The black and white film I buy at B & H on 9th Avenue across from the Cheyenne Diner I have used for decades now–is it that long, really? The last time I was there was with my Dad–no, it wasn’t the last time I was there, the time I am remembering. I was there getting some 8mm movie film processed–color–when? My last time there . . . the last time I was there with my dad we did go to the Cheyenne Diner, we did have hamburgers, we did . . .
How long ago now–there are many things I become surprised by how old they are in my life, how long ago they happened. I cannot say that the last time I was there with my dad I bought film at HB and burgers at the Cheyenne Diner. We did go and get burgers at the Cheyenne, my Dad and I. How long before he died? He died in the morning with the sun breaking through the clouds after having snowed a few inches the night before. It’s four years ago that my dad died as the sun broke through the gloom . . .

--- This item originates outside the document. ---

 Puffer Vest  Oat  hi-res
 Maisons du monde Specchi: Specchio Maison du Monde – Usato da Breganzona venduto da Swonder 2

I was once told that neither extreme on the monochromatic scale is actually present in a film–but that can’t be, can it? This is not a point of contention for me when I shoot with black and white film; is there true white and true black in what I have shot. I have gone into the extremes of low-light photography and let me tell you I have recorded on film, black and white. I have hundreds and hundreds of photos in black and white stored in boxes in a closet in my apartment. . . a closet photographer, no? Interesting, this idea about being in a closet, or how being closeted is not only about sexual orientation and sexuality.
Every human soul experiences this closet of his own, this closet of his desires, his feelings, his ideas, whatever have you that’s locked up in you–in me. No one escapes, really, one Chinese box of closets this Self of selves.